Some recent comments have focused on the decision of when to exit a successful trade – a trade with limited profit potential.

Note. This means we are not discussing a situation in which you own some calls (or puts) and the market is going your way. You either go with the trend, take some money off the table, or exit. I can offer no guidance in that type of situation. What makes that so different is that potential profits remain unlimited.
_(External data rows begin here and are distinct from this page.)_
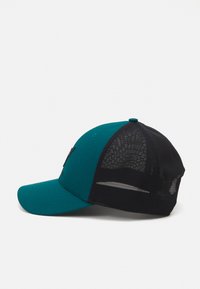 Teal front og sort mesh bag baseball cap med en buet skygge og ventilationsdetaljer. Har et struktureret stof og justerbar rem.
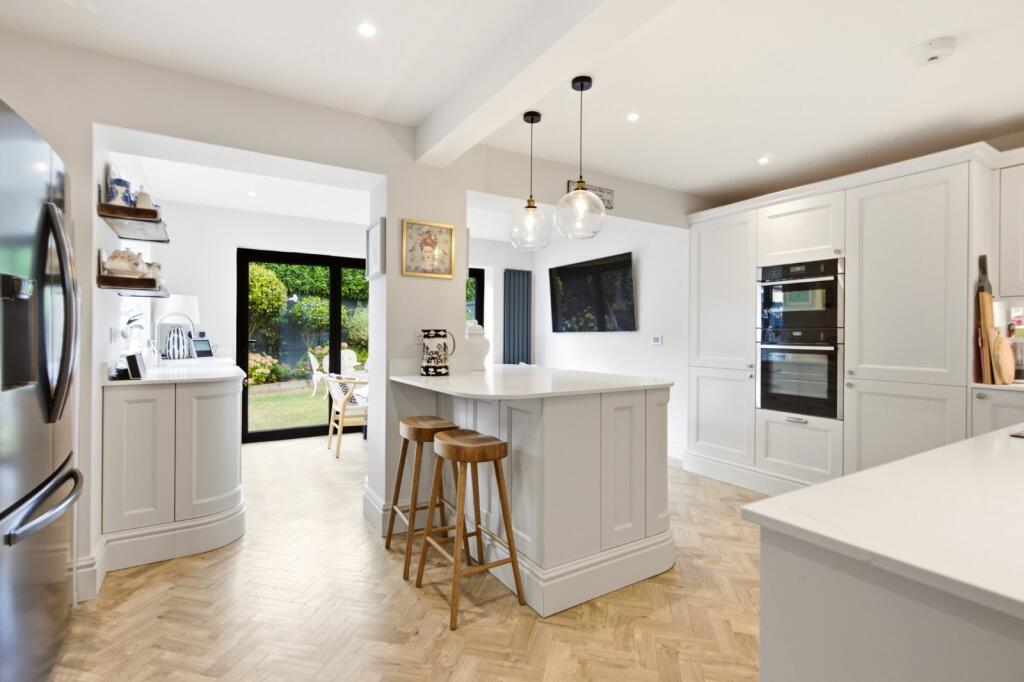 House in St Albans, St Stephen - View 2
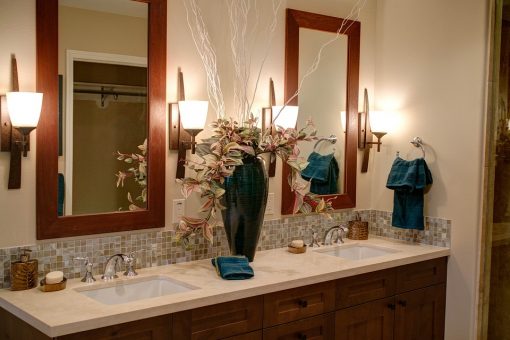 5 Tips for Creating a Vintage Bathroom from North Carolina Lifestyle Blogger Champagne Style Bare Budget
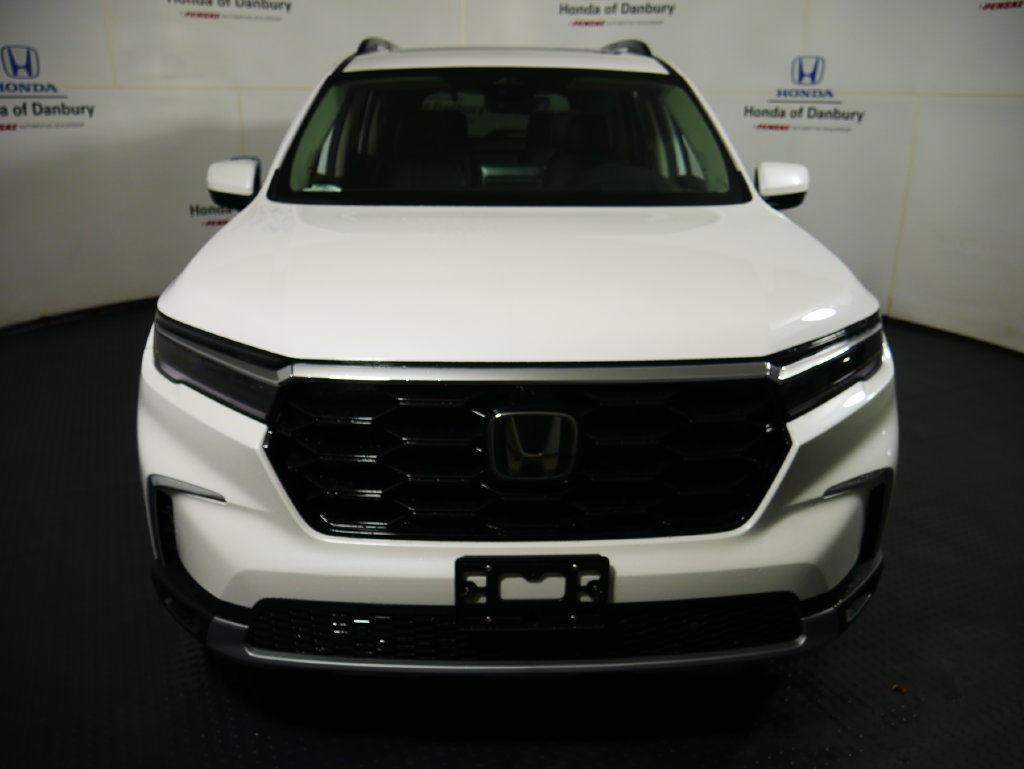 New 2026 Honda Pilot Elite image 2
When profits are capped, things are different.I assume that almost every trader who sells a credit spread or a naked option has some price at which covering makes sense. If a trader sells a 60-day call spread, collecting $2.00 and the position can be closed one-week later by paying 10 cents, that almost all traders would happily pay that dime. Fifty-three days is a long time to hold a spread when the most that can be earned is $10.

It’s a different story when expiration is three days away and the short call is still OTM by 5% of the stock price. For the vast majority, paying even $0.05 to cover seems too high.

Do you accept those premises?

If you agree with my conclusions in the two paragraphs above, then there must be some combination of price and time that is an inflection point. Translation: There is some time element, combined with the cost of exiting, that makes the decision a toss-up.

I know that I will pay 15 cents for a 10-point spread (underlying asset = RUT, Russell 2000 Index) even when it is one week prior to expiration. And I’ll pay 10 cents after that. I seldom collect the last penny.

I also pay twenty cents to cover almost any position when it is not a front-month spread. In fact, I’d probably pay $0.25. The point is that I have a price I am willing to pay that depends on how wide the spread is (how many point separate the long and short legs), the nature of the underlying (an $800 index is not the same as a $30 stock).

I don’t believe that traders must have such pre-determined exit points. Risk management decisions are personal and individual. However, I do believe it’s a good idea and I recommend knowing where you would like to exit. Such information can be part of the original trade plan.

From my perspective, it is better to lock in the profits when there’s not much to gain by holding. To others, every penny is valuable and they cover only when they believe it’s the correct move.



2 Responses to Lock in the Profits

  1. Robert D. 03/24/2011 at 11:36 PM #


    This post made me realize something I hadn’t thought about: One benefit of a limited-profit trade is the limited profit! When you know your maximum upside in advance, it’s easier to take your profits and move on. There’s less opportunity for wishful thinking.

    • Mark D Wolfinger 03/25/2011 at 7:51 AM #


      Very true.

      However, you must be careful not to do the reverse thinking: “I’ve already lost so much, what difference does it make if it gets to the maximum?”
      The point is to stay away from the ‘lost too much’ situation.

      Trust me on this: If you worry more about losses than profits, you have a much better chance of success. Big losses are killers, whereas those limited gains can feel wonderful as you collect them – and you do need them to become a winner – just remember that one gigantic loss can wipe out many gains.